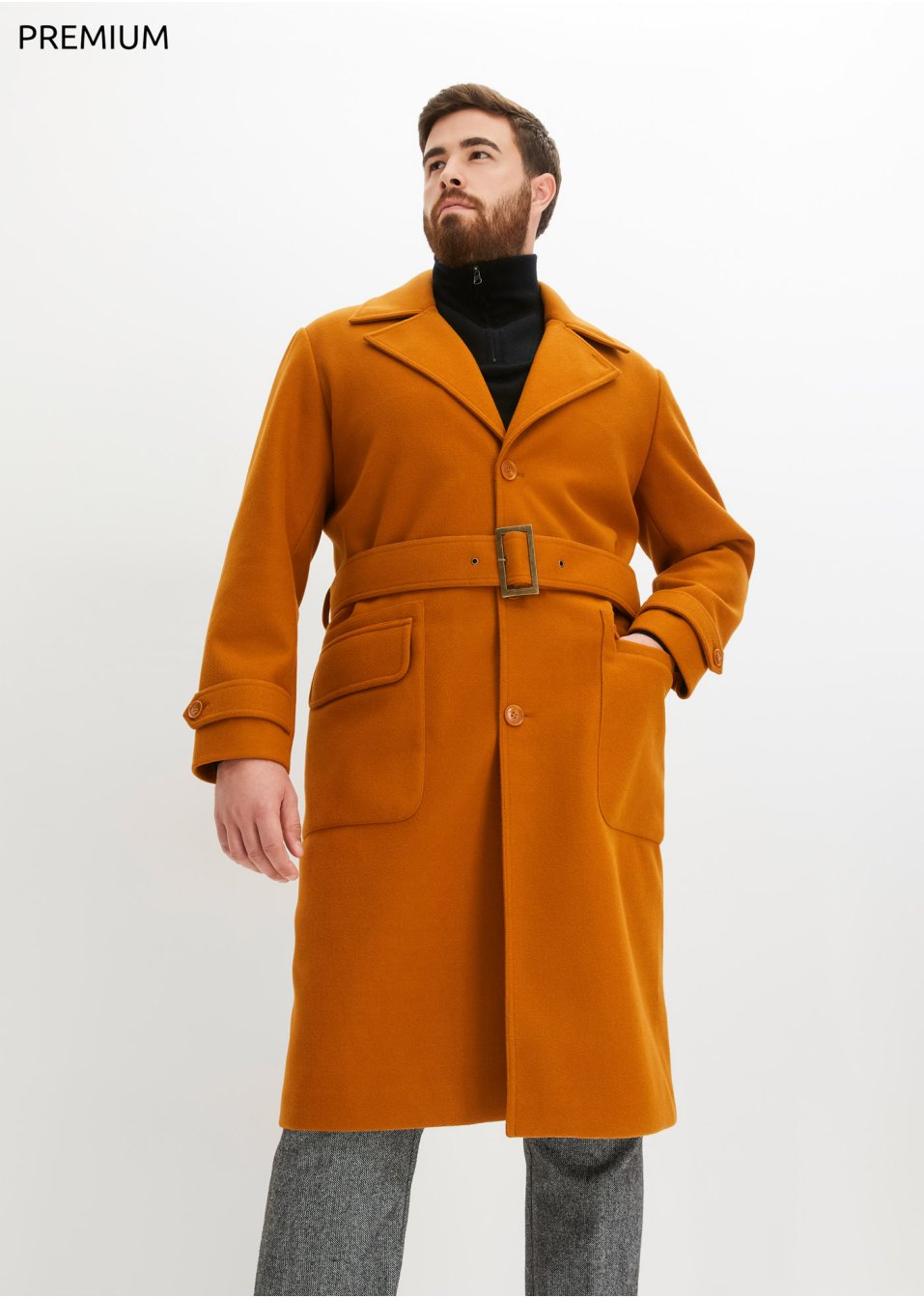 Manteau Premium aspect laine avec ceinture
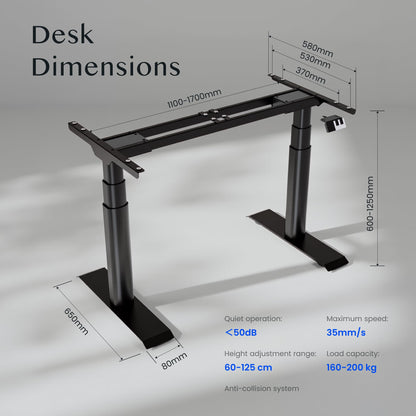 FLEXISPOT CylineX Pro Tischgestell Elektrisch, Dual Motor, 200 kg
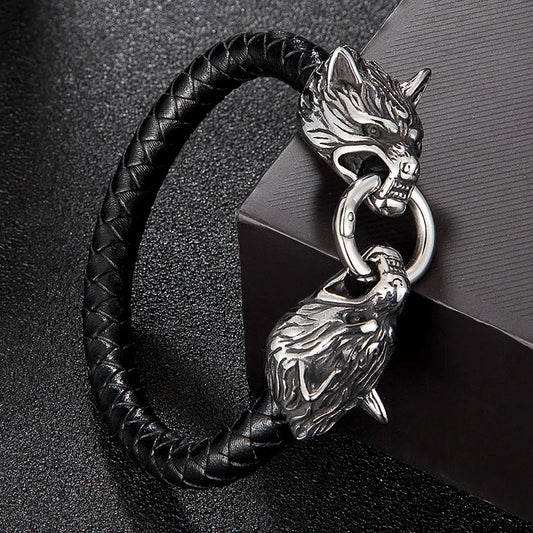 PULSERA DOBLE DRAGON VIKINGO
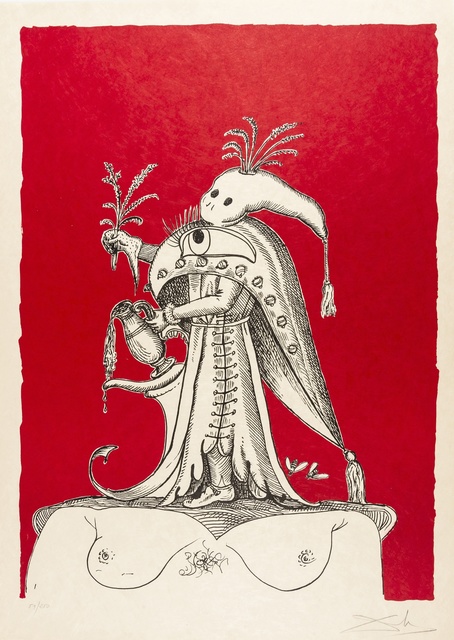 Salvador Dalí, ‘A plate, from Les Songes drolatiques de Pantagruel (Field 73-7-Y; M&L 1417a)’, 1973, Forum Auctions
# # #
= Task brief =
Would you restate word for word only the lines from the line with "FLEXISPOT CylineX Pro" to the last line above, with the pictures left out?

= Reply =
 FLEXISPOT CylineX Pro Tischgestell Elektrisch, Dual Motor, 200 kg
 PULSERA DOBLE DRAGON VIKINGO
 Salvador Dalí, ‘A plate, from Les Songes drolatiques de Pantagruel (Field 73-7-Y; M&L 1417a)’, 1973, Forum Auctions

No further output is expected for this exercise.